Your objective:
Reproduce the data shown below exactly.

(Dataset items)
**********

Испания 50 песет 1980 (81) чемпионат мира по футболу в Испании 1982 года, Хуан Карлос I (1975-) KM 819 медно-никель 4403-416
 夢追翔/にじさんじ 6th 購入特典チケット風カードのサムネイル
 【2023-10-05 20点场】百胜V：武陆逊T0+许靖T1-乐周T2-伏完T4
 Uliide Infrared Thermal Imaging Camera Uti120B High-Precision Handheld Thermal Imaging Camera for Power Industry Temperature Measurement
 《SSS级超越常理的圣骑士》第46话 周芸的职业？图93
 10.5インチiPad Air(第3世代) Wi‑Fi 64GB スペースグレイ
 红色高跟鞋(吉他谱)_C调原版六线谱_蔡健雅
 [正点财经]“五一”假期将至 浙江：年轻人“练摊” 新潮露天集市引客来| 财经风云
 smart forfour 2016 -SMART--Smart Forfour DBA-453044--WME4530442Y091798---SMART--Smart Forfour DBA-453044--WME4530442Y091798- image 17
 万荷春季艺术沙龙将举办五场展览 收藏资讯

**********

Exercise solution:
Испания 50 песет 1980 (81) чемпионат мира по футболу в Испании 1982 года, Хуан Карлос I (1975-) KM 819 медно-никель 4403-416
 夢追翔/にじさんじ 6th 購入特典チケット風カードのサムネイル
 【2023-10-05 20点场】百胜V：武陆逊T0+许靖T1-乐周T2-伏完T4
 Uliide Infrared Thermal Imaging Camera Uti120B High-Precision Handheld Thermal Imaging Camera for Power Industry Temperature Measurement
 《SSS级超越常理的圣骑士》第46话 周芸的职业？图93
 10.5インチiPad Air(第3世代) Wi‑Fi 64GB スペースグレイ
 红色高跟鞋(吉他谱)_C调原版六线谱_蔡健雅
 [正点财经]“五一”假期将至 浙江：年轻人“练摊” 新潮露天集市引客来| 财经风云
 smart forfour 2016 -SMART--Smart Forfour DBA-453044--WME4530442Y091798---SMART--Smart Forfour DBA-453044--WME4530442Y091798- image 17
 万荷春季艺术沙龙将举办五场展览 收藏资讯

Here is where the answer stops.